Repeat verbatim what the listing holds, but not its pictures.

[Start of section]

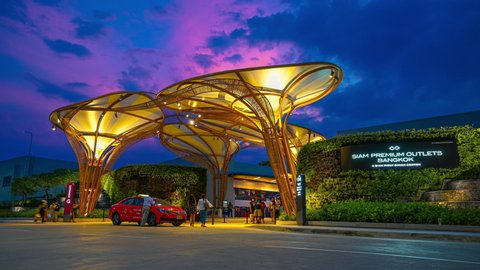 Bangkok, Thailand - 21 July 2020 : Timelapse 4k People are gathering in front of  newly open Siam Premium Outlets shopping mall new Department store in Bangkok Locate near Suvarnabhumi Airport.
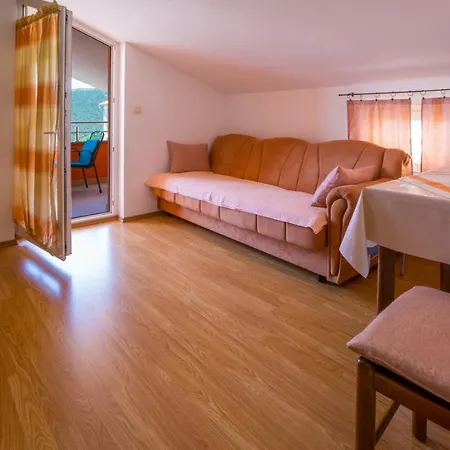 One-bedroom Near Sea 1 * Цриквеница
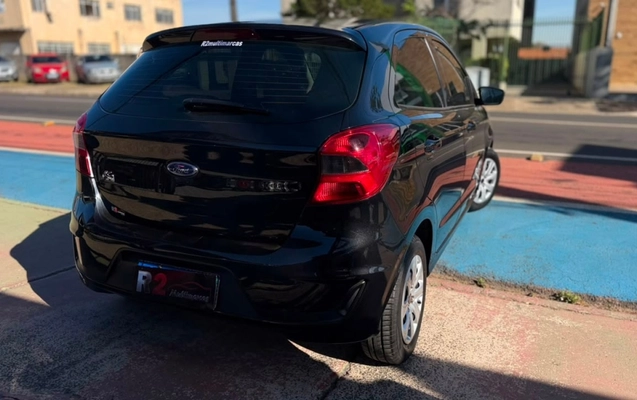 imagem-https://www.socarrao.com.br/sc-vehicle-images-prod/3407431/1787577202365-tTVVt1fPuPCJ3uQThKMNmilZUE2gwQZT.jpg
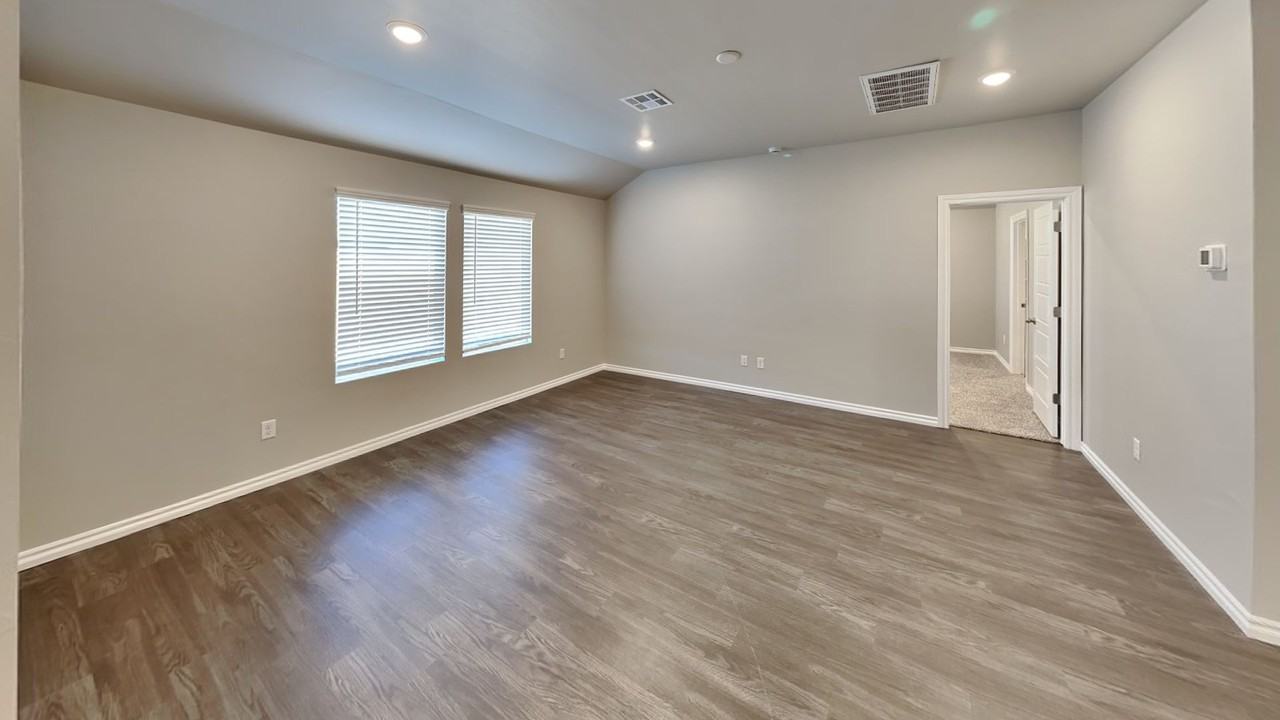 2733 Dennis Dr - Photo 4 of 21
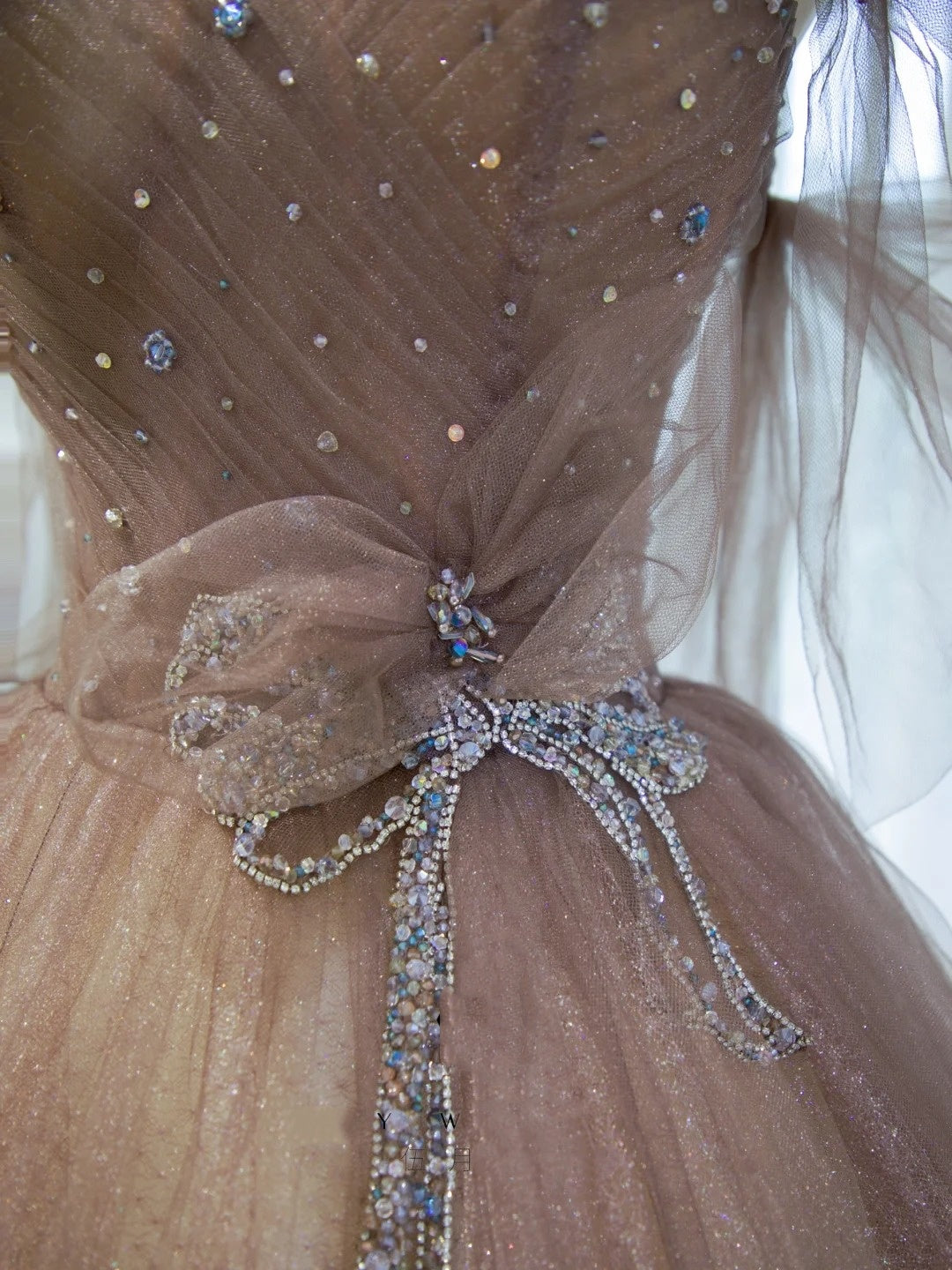 Élégante Robe de Bal Épaules Dénudées en Tulle Longue Robe de Soirée Robe de Bal 18e Anniversaire N2852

[End of section]

Exercise output
 Bangkok, Thailand - 21 July 2020 : Timelapse 4k People are gathering in front of  newly open Siam Premium Outlets shopping mall new Department store in Bangkok Locate near Suvarnabhumi Airport.
 One-bedroom Near Sea 1 * Цриквеница
 imagem-https://www.socarrao.com.br/sc-vehicle-images-prod/3407431/1787577202365-tTVVt1fPuPCJ3uQThKMNmilZUE2gwQZT.jpg
 2733 Dennis Dr - Photo 4 of 21
 Élégante Robe de Bal Épaules Dénudées en Tulle Longue Robe de Soirée Robe de Bal 18e Anniversaire N2852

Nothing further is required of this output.